======== Data supplied ========

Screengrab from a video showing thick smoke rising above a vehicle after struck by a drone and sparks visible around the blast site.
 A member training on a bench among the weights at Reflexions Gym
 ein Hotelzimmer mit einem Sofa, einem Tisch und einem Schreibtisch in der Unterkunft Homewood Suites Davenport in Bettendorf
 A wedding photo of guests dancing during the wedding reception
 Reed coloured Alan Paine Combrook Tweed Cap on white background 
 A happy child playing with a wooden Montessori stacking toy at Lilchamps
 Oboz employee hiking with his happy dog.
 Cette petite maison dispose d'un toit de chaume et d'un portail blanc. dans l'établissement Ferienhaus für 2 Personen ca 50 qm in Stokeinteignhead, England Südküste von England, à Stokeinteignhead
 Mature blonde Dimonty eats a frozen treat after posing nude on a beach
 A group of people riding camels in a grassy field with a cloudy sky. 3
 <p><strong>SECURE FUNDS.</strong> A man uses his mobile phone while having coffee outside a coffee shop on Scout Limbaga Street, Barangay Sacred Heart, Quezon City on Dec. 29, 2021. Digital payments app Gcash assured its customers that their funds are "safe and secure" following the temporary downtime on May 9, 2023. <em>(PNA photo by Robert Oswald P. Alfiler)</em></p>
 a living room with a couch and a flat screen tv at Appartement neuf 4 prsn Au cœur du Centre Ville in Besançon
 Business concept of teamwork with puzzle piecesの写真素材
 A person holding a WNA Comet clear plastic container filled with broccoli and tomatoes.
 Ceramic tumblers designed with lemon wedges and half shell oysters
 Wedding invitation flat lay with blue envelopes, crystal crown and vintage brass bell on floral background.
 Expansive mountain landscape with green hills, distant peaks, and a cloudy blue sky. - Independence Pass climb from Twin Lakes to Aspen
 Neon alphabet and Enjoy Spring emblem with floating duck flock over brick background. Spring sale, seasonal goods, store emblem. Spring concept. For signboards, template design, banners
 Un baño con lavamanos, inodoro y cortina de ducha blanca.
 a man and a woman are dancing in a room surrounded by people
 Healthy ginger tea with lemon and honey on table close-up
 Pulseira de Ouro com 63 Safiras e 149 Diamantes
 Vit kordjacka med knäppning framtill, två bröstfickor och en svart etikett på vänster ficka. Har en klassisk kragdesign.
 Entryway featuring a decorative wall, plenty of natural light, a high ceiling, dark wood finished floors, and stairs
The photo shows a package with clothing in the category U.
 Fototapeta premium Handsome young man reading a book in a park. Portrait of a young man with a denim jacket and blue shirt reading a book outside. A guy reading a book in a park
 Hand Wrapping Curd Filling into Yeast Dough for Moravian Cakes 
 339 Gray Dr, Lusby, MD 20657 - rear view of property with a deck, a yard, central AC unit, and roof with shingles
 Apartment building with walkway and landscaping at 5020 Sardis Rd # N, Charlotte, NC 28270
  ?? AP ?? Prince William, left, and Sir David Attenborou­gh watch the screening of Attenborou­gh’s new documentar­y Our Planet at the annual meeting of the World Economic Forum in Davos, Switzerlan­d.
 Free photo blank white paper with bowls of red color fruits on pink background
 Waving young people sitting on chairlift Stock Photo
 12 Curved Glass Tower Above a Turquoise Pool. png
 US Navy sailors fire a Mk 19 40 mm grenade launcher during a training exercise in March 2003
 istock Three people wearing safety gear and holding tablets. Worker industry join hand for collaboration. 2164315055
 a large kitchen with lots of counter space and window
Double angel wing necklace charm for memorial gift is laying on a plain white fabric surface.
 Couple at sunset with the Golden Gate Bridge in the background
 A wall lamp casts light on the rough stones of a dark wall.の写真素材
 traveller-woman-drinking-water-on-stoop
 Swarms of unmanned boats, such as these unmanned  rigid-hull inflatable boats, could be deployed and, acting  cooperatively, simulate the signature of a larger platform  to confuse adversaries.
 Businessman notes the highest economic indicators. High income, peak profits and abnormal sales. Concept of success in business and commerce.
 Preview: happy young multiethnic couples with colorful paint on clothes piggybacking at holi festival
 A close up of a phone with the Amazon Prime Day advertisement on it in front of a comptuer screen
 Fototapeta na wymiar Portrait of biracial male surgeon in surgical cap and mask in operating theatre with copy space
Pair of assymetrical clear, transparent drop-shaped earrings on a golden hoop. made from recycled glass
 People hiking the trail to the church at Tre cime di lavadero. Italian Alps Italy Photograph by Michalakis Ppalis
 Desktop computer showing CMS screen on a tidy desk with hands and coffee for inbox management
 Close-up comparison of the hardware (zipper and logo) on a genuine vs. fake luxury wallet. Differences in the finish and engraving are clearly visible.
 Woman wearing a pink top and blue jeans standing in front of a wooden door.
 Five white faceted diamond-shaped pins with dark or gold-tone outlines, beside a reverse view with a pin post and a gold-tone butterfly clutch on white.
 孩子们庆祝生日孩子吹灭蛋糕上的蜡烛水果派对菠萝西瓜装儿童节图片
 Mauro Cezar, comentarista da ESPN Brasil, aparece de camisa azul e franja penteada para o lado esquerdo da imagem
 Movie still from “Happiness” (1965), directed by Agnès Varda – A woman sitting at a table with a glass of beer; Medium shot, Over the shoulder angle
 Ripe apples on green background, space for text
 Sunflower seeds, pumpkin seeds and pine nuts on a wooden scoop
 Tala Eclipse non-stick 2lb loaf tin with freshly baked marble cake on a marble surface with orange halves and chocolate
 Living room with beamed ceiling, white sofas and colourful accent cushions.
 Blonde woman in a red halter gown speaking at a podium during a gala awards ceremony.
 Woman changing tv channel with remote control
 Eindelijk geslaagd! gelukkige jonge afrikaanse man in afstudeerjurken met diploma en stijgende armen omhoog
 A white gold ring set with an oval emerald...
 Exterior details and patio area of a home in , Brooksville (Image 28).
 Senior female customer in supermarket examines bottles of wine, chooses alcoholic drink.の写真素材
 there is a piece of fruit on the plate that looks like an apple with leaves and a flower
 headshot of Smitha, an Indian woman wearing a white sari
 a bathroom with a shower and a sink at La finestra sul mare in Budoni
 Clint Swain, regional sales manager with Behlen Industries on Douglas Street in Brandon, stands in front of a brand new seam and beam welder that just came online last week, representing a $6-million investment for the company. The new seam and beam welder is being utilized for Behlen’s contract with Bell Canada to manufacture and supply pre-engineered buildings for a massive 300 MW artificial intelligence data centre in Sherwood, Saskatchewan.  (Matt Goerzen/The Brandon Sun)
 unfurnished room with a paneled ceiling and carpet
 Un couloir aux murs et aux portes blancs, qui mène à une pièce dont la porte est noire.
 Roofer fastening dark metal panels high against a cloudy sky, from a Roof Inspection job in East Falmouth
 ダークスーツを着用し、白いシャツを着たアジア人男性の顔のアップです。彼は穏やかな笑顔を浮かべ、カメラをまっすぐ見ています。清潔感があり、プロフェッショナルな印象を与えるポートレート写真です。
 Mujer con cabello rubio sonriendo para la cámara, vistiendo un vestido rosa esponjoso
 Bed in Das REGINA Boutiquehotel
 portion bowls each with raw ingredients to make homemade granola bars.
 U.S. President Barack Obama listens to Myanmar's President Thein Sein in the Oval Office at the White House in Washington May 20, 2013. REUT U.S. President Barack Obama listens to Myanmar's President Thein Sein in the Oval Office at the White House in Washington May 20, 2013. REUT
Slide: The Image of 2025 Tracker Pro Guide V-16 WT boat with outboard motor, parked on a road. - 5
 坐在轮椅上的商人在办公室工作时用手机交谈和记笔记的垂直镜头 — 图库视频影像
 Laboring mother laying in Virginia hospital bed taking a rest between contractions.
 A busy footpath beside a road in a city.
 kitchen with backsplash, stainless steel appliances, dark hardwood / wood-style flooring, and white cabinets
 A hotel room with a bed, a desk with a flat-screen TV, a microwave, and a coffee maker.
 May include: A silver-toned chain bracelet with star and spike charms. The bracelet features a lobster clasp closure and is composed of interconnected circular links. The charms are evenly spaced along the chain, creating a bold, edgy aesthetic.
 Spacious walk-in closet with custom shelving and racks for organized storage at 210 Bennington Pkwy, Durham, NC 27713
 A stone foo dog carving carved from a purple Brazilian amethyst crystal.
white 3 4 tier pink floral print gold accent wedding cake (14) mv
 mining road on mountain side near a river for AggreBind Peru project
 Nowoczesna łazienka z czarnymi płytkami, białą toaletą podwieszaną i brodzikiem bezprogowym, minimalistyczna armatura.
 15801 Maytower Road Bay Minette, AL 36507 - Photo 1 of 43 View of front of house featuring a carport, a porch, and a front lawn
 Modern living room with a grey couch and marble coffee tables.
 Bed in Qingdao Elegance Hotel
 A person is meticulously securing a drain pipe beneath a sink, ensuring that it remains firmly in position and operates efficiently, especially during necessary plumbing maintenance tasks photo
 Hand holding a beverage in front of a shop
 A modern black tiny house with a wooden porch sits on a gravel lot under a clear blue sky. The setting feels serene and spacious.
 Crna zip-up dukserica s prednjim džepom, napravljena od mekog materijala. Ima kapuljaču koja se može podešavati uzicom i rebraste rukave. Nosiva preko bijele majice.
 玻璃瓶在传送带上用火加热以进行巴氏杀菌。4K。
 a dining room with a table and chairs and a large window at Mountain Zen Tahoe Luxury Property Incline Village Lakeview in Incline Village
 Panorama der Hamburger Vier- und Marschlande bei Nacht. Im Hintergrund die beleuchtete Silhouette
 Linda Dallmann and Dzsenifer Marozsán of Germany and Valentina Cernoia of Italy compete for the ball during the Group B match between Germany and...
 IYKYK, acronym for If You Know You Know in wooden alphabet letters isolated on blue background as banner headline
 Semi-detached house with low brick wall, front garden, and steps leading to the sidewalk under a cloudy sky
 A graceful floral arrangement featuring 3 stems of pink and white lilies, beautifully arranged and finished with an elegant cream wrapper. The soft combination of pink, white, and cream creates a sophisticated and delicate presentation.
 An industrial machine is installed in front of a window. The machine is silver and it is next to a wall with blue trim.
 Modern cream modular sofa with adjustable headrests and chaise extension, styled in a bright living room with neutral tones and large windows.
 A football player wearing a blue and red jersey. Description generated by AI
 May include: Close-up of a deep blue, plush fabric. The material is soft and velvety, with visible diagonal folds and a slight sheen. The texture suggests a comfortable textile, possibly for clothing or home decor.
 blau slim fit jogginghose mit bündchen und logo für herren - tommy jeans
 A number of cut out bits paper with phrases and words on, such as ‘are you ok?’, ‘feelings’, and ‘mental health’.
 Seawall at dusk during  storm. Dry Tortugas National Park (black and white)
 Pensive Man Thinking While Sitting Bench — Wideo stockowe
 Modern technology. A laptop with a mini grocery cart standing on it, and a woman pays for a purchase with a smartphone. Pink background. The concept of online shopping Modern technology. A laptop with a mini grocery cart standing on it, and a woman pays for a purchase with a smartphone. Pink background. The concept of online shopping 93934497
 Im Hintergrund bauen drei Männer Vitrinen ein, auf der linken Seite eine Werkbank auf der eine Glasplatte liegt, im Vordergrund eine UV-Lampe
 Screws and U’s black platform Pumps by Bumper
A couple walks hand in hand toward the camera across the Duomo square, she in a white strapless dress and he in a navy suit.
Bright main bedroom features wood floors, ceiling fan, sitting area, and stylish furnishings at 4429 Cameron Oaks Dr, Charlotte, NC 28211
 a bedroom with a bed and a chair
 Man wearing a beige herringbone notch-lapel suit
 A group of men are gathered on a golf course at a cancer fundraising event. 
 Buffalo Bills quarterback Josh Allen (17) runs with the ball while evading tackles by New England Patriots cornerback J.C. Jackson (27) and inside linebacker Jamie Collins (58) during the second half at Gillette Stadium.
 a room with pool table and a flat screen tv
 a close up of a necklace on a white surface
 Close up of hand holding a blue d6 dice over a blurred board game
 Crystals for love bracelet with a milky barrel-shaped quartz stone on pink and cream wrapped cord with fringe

========

The answer should be an exact copy of the lines from the first line of the data through the line with "A member training" and should contain nothing else.

Screengrab from a video showing thick smoke rising above a vehicle after struck by a drone and sparks visible around the blast site.
 A member training on a bench among the weights at Reflexions Gym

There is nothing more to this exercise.